SOURCE DATA

((

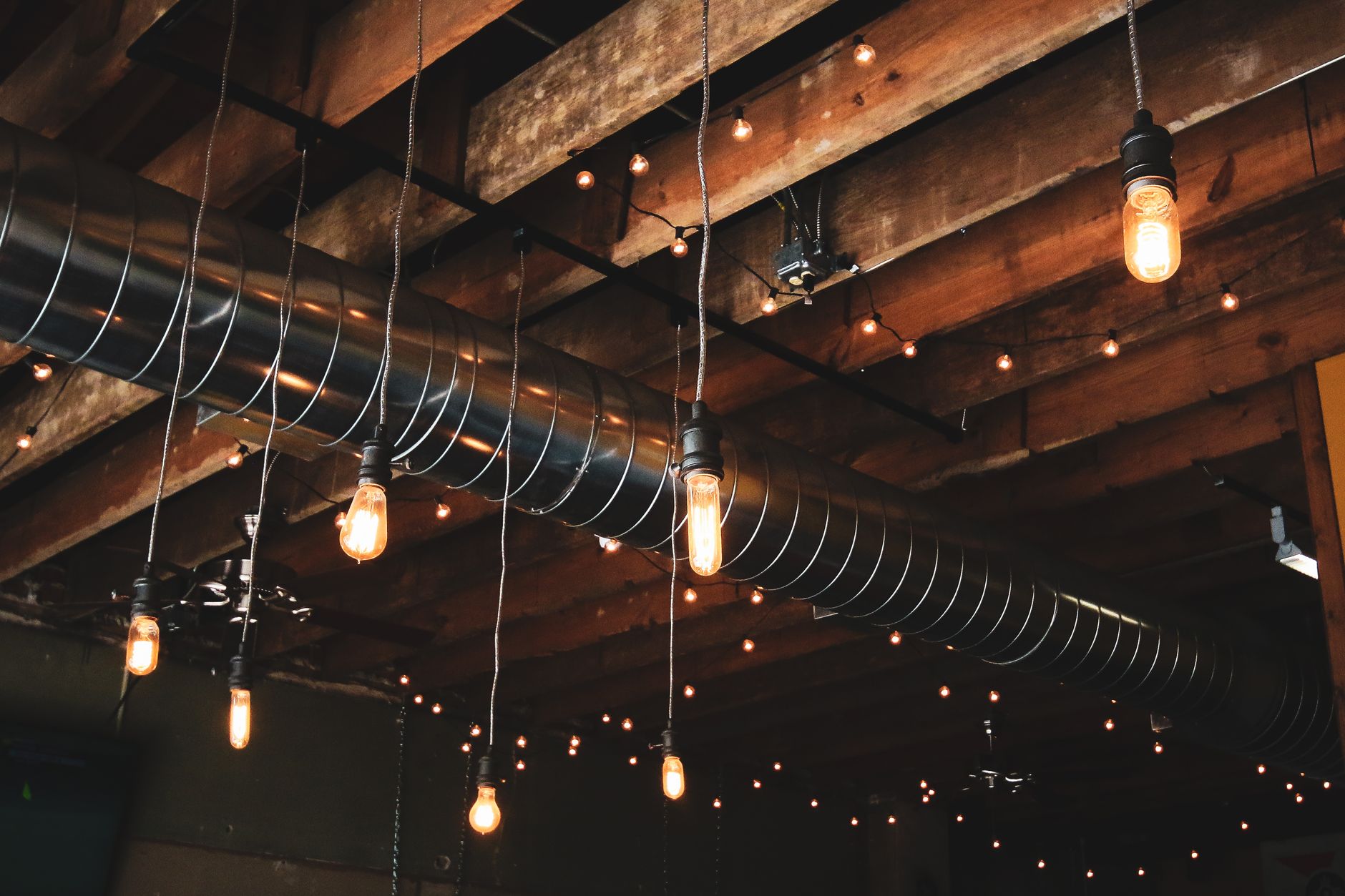 High warehouse rafters and overhead services illustrate the open air volume where a guarded indoor drone can scout quickly.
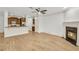 Living room with hardwood floors, kitchen island, and fireplace at 5760 Vista Brook Dr, Suwanee, GA 30024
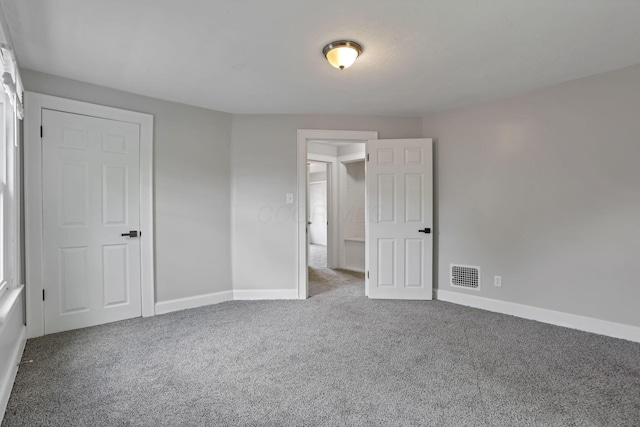 794 E Deshler Ave, Columbus, OH 43206 - unfurnished bedroom featuring carpet and baseboards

))

For this exercise, retype the listing above word for word and omit the pictures.

ANSWER TO THIS PROBLEM
 High warehouse rafters and overhead services illustrate the open air volume where a guarded indoor drone can scout quickly.
 Living room with hardwood floors, kitchen island, and fireplace at 5760 Vista Brook Dr, Suwanee, GA 30024
 794 E Deshler Ave, Columbus, OH 43206 - unfurnished bedroom featuring carpet and baseboards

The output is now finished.